-- Stored data follows --

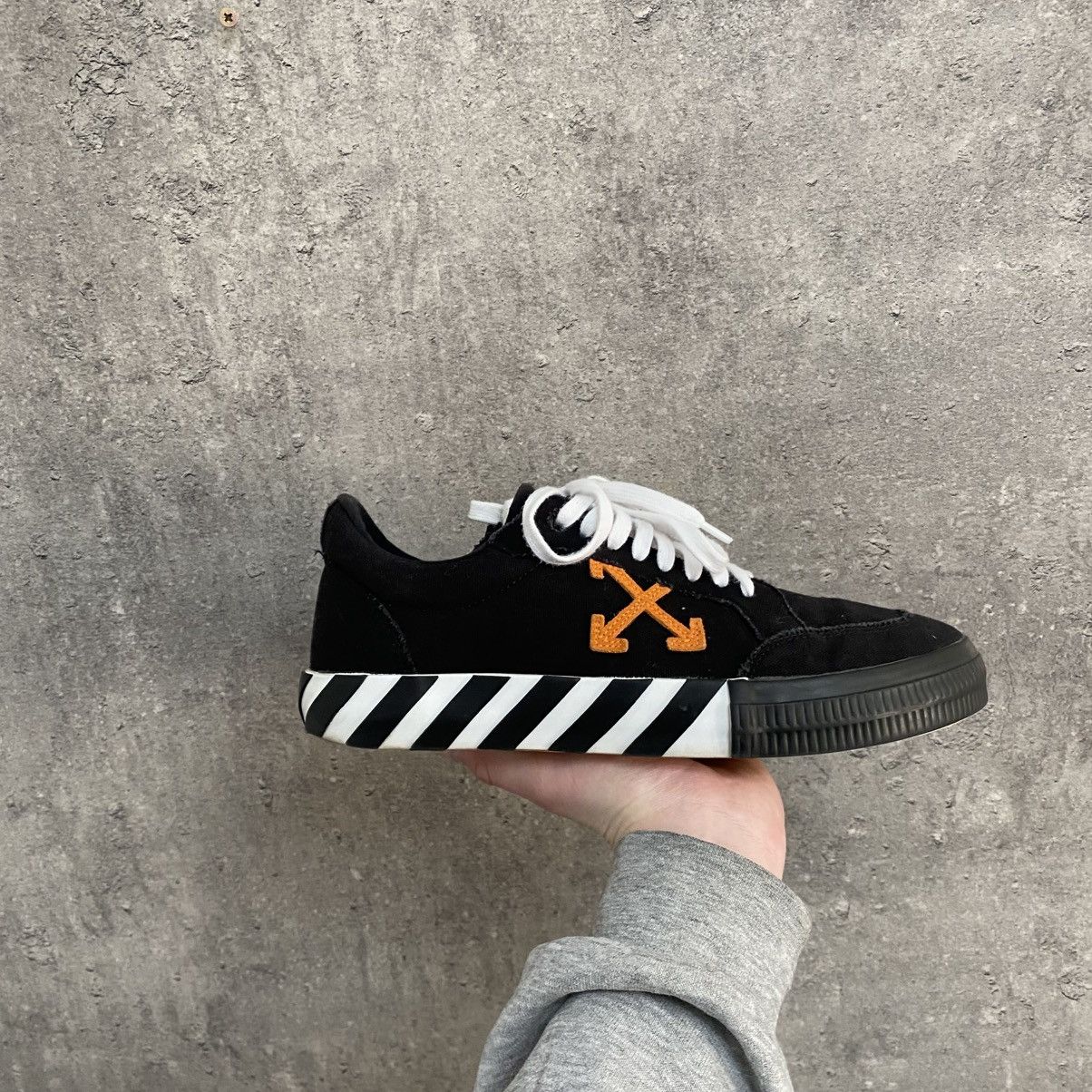 Off-White Off-White Vulcanized Low Sneakers Black Arrow Shoes Size US 10 / EU 43 - 3 Thumbnail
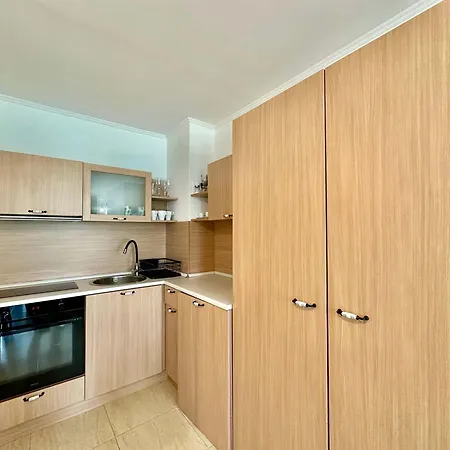Apartment Modern One-bedroom In Diamant By Menada *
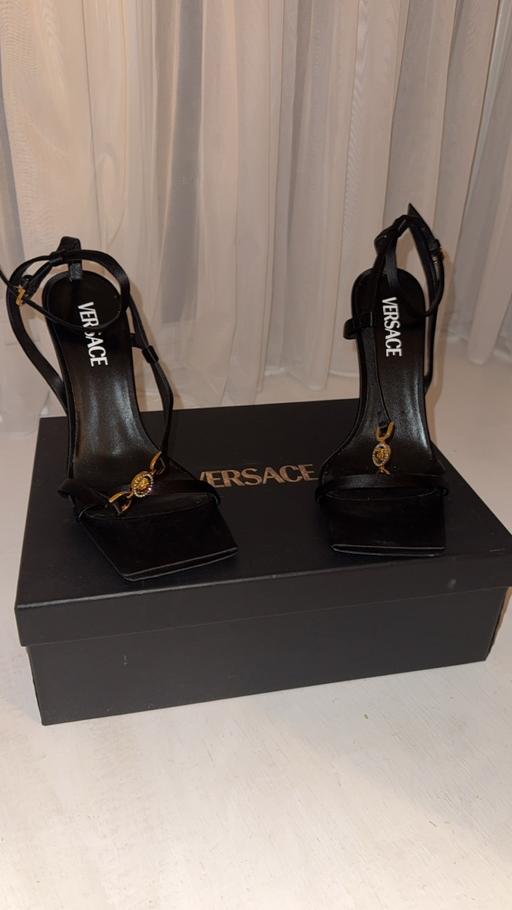 Buy & Sell Lewisham South East London - Photos for Versace shoes
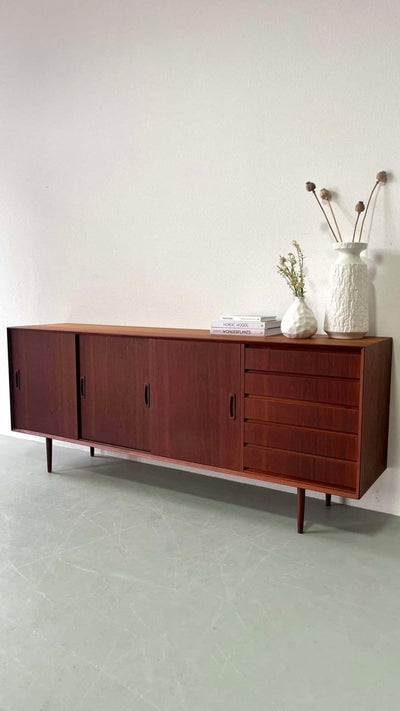 Donker teak lowboard - LOUI.STORE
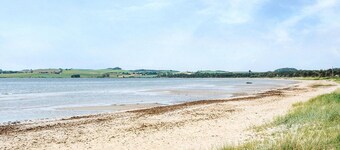 Vakkert hjem med 4 soverom i Knebel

-- Stored data concluded --

● Your instructions
Quote the records in full and exactly; skip any image.

● Task result
 Off-White Off-White Vulcanized Low Sneakers Black Arrow Shoes Size US 10 / EU 43 - 3 Thumbnail
Apartment Modern One-bedroom In Diamant By Menada *
 Buy & Sell Lewisham South East London - Photos for Versace shoes
 Donker teak lowboard - LOUI.STORE
 Vakkert hjem med 4 soverom i Knebel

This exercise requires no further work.